June 01, 2010
OTTAWA—The era of rock-bottom borrowing costs came to an end Tuesday as the Bank of Canada raised its influential overnight interest rate to 0.5 per cent, up from 0.25 per cent.
Economic activity “in Canada is unfolding largely as expected,” bank governor Mark Carney said in a brief announcement.
“The economy grew by a robust 6.1 per cent in the first quarter, led by housing and consumer spending. Employment growth has resumed,” the bank said.

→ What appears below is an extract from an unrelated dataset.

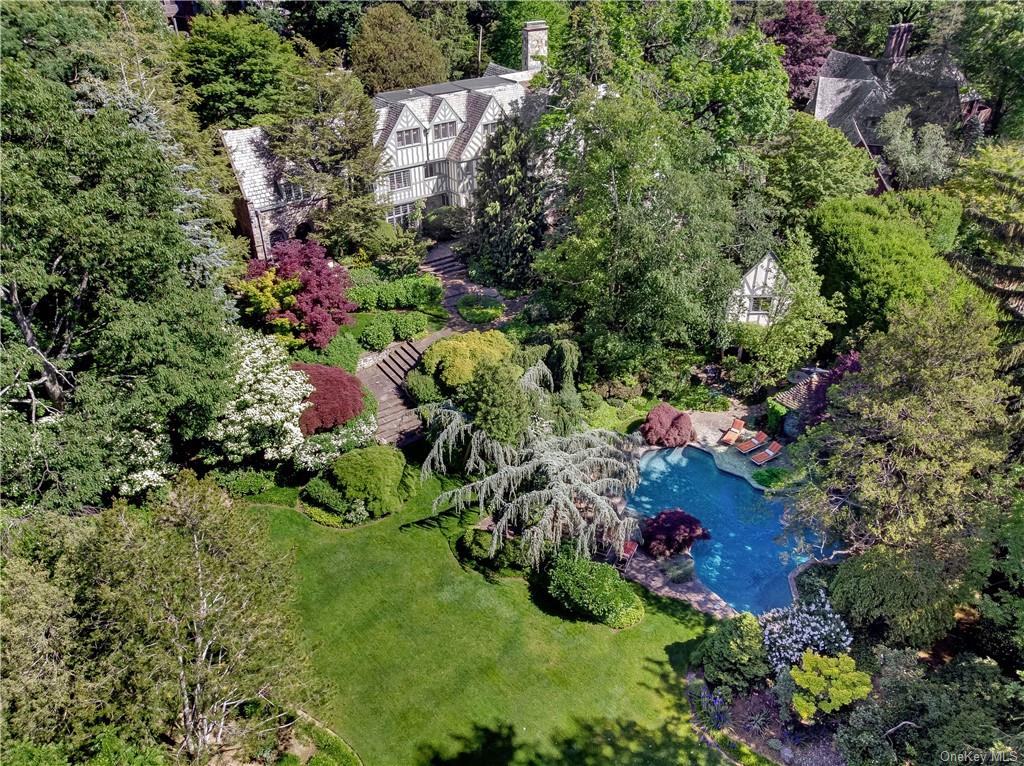 a view of a garden with plants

Carney said the bank also anticipates an increase in business investment, which will be “important” for a continued recovery.
The central bank has kept interest rates at an historic low to help fight the recession, but Carney now is balancing the need to spur growth with the need to keep a lid on inflation.
Canada is the first of the G7 leading industrial nations to raise its key rate.
“The outlook for inflation reflects the combined influences of strong domestic demand, slowing wage growth, and overall excess supply,” Carney wrote.
“In this context, the Bank has decided to raise the target for the overnight rate to 1/2 a per cent.”
But Carney warned that the outlook for international business conditions has been clouded by a mixed growth picture and the debt crisis in Europe.
“The global economic recovery is proceeding but is increasingly uneven across countries, with strong momentum in emerging market economies, some consolidation of the recovery in the United States, Japan and other industrialized economies, and the possibility of renewed weakness in Europe,” the bank stated.
Carney warned that the business-driven growth needed to replace government stimulus packages has been slow to emerge globally.
“In most advanced economies, the recovery remains heavily dependent on monetary and fiscal stimulus.”
“Recent tensions in Europe are likely to result in higher borrowing costs and more rapid tightening of fiscal policy in some countries – an important downside risk,” the bank said.
But so far, “the spillover into Canada from events in Europe has been limited to a modest fall in commodity prices and some tightening of financial conditions,” the bank said.